Exception 1: Clients who require human-written certification. Some agencies and content clients now include human-written certification requirements in contracts. If you are producing content for clients, understand whether this requirement applies and what it means in practice. Originality.ai is the most commonly specified tool in these requirements. Produce content using the process above and it will meet the standard.
Exception 2: Certain publications. Some publications — particularly tier-one news outlets and certain industry journals — have explicit AI content policies. If you are pitching or contributing to these outlets, verify their policies. The guidance is the same: produce content that reflects genuine expertise and specific knowledge, and you will meet the policy regardless of the production method.
For everyone else running content marketing for their own properties: stop thinking about detectors and start thinking about whether your content is the best available answer to the question it is trying to answer. That is the standard that matters.
Frequently asked questions
Do AI detectors actually work on marketing content?
AI detectors are accurate enough to matter but not accurate enough to be definitive. Tools like Originality.ai and GPTZero correctly identify heavily AI-generated content about 80-90% of the time, but produce significant false positives on human content that is highly structured (like marketing copy) and miss AI content that has been extensively edited.
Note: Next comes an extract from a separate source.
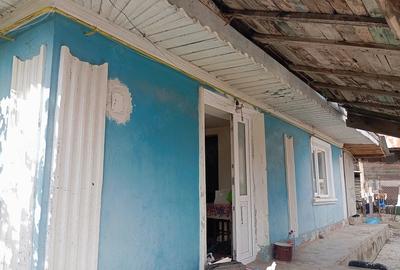 Casă cu Teren 215 Mp în Central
The practical implication: if your content is well-edited with specific examples and a clear voice, most detectors will not flag it.
What do AI detectors look for in marketing content?
AI detectors primarily flag three patterns: uniform sentence length and structure (AI output tends toward consistent medium-length sentences), lack of specific named examples and statistics (AI generates plausible but vague claims), and absence of idiosyncratic word choices (human writers have quirks; AI is statistically average). Secondary signals include high perplexity scores (predictable word choices) and burstiness patterns (humans write in varied rhythms; AI writes more uniformly).
Should marketers care about AI detectors?
Marketers should care less about detectors and more about output quality. AI detectors are a proxy measurement for what readers and AI search engines actually penalize: generic content without specific voice, examples, or expertise. The posts losing citation share in 2026 are losing it because they are low quality and interchangeable, not because they were produced by AI. Fix the quality and the detector score follows. Optimizing for detector scores while ignoring quality gets you content that passes the test but still fails the reader.
How do I make AI-written content pass detectors?
Four specific techniques: vary sentence length deliberately (short punchy sentences + longer explanatory ones), add first-person experience markers that AI cannot fabricate, include specific named statistics with sources, and read the draft aloud and rewrite anything you would not say conversationally. But the real answer is: do not write content to pass a detector. Write content that a real human would find genuinely useful, and it will pass naturally.
What is the best AI detector for marketing content?
Originality.ai is the most accurate AI detector for longer-form marketing content and is the tool most likely to be used by clients or editors evaluating your work. GPTZero is widely used in educational contexts but less accurate on marketing copy. Copyleaks has a marketing-specific version worth testing. For self-auditing your own AI-assisted content, Originality.ai is the most reliable benchmark — but use it to improve quality, not to optimize for the detector score itself.